## Finilizing Data Generation for PSR System

In [1]:
### Importing Libraries

import sys
print(sys.version)
import os
import numpy as np
import pandas as pd
import time

import matplotlib.pyplot as plt
WORKSPACE_PATH  = os.environ['WORKSPACE_PATH']
plt.style.use(WORKSPACE_PATH+'/ROMNet/romnet/extra/postprocessing/presentation.mplstyle')

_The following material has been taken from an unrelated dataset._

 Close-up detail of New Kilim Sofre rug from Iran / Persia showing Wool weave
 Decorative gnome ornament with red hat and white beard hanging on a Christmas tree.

from scipy.integrate import solve_ivp

3.8.12 (default, Aug 31 2021, 04:09:21) 
[Clang 12.0.5 (clang-1205.0.22.9)]


In [2]:
### Input Data

OutputDir  = WORKSPACE_PATH+'/ROMNet/Data/PSR_100Cases/'
TestDir    = WORKSPACE_PATH+'/ROMNet/Data/PSR_100Cases_Test/'
try:
    os.makedirs(OutputDir)
except OSError as e:
    pass
try:
    os.makedirs(TestDir)
except OSError as e:
    pass

tStratch           = 1.
SOLVER             = 'BDF'

ValidPerc          = 20.

FixedMinVal        = 1.e-10

In [3]:
### Retrieving Data

FileName = OutputDir + '/Orig/train/ext/Cleanvars.csv'
Vars     = pd.read_csv(FileName, header=None)
Vars     = list(Vars.to_numpy()[0,:])


FileName     = OutputDir + '/Orig/train/ext/RestVecTot.csv'
Data         = pd.read_csv(FileName, header=None)
RestVecTot   = np.log10(Data.to_numpy())
    
# FileName     = OutputDir+'/orig_data/t.csv'
# Data         = pd.read_csv(FileName, header=None)
# tVec         = Data.to_numpy()[:,0]

# FileName     = OutputDir + '/orig_data/yCleaned.csv'
# yMatOrig     = pd.read_csv(FileName, header=0)
# VarNames     = list(yMatOrig.columns)
# yMat         = yMatOrig.to_numpy()

FileName             = OutputDir+'/Orig/train/ext/yCleaned.csv'
Data                 = pd.read_csv(FileName, header=0)
Data.rename(columns={"# t": "t"}, inplace=True)
Data[Data.t == 0.].t = FixedMinVal
Data['log(t)']       = np.log(Data.t.to_numpy())
Data['log10(t)']     = np.log10(Data.t.to_numpy())
Data['log10(Rest)']  = RestVecTot
Data['Rest']         = 10.**RestVecTot
yMat                 = Data[Vars].to_numpy()


### Writing Input
InputVar     = ['t', 'log10(t)', 'Rest', 'log10(Rest)']
DataInput    = Data[InputVar]
DataInput.to_csv(OutputDir+'/Orig/train/ext/Input.csv', index=False)
tVec         = DataInput.t.to_numpy()


### Writing PCs
Data.to_csv(OutputDir+'/Orig/train/ext/Output.csv', index=False)

In [4]:
from sklearn.model_selection import train_test_split

n_points             = len(Data)

idx                  = np.arange(n_points)
train_idx, valid_idx = train_test_split(idx, test_size=ValidPerc/100, random_state=42)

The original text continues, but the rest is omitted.